TASK → The lines to transcribe begin with the one containing "Купить кондоминиум в" and end with the last line below; reproduce them exactly, without the pictures.

DATA EXCERPT →
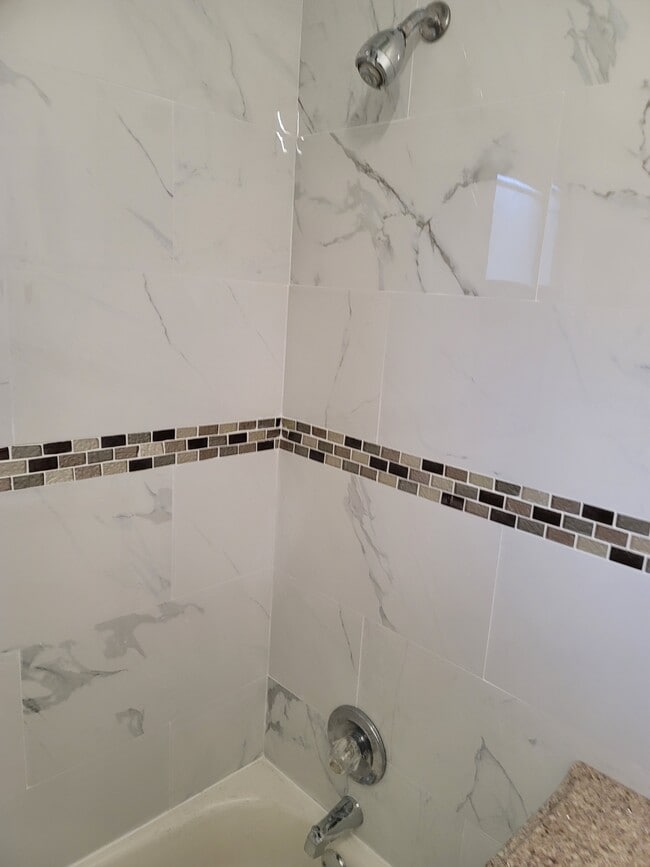 665 S 3rd Ave, Unit 3 in Mount Vernon, NY - Building Photo - Building Photo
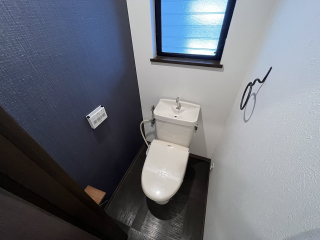 【松山市鷹子町のアパートのトイレ】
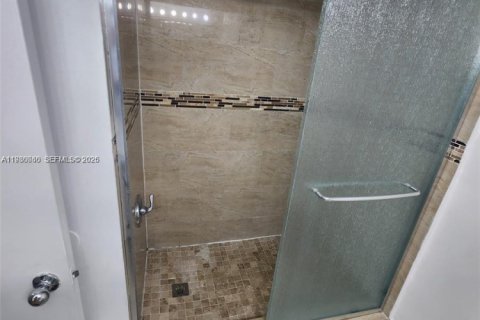 Купить кондоминиум в Дорал, Флорида 1 спальня, 69.03м2, № 2050793 - фото 8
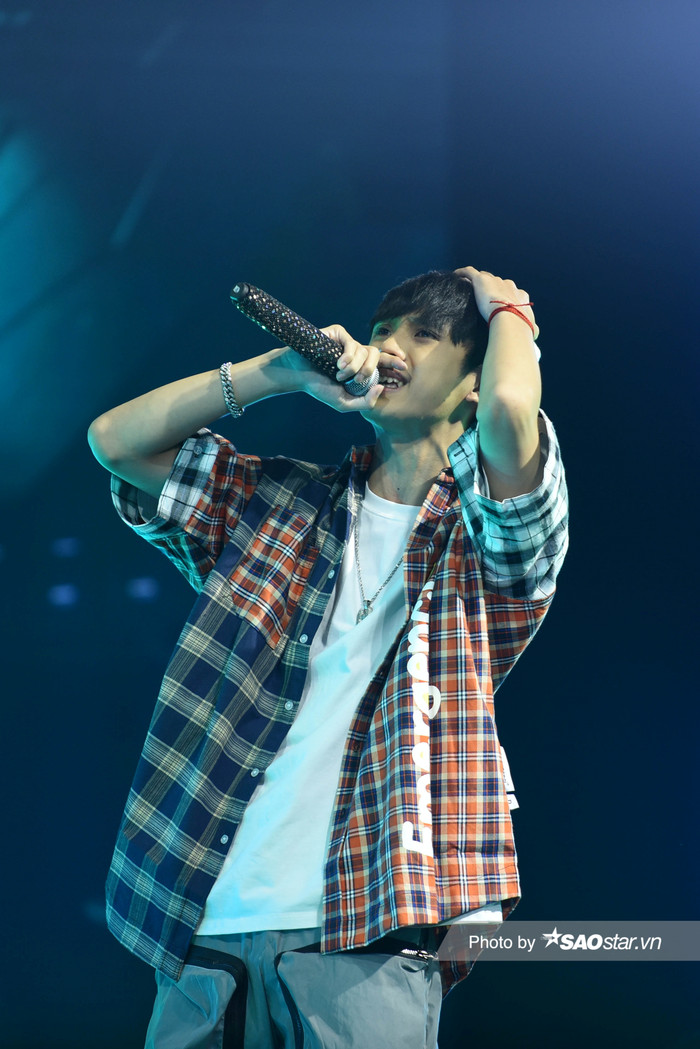 Nhật Hoàng trong vòng thi đấu nhóm.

SOLUTION TO THIS PROBLEM →
 Купить кондоминиум в Дорал, Флорида 1 спальня, 69.03м2, № 2050793 - фото 8
 Nhật Hoàng trong vòng thi đấu nhóm.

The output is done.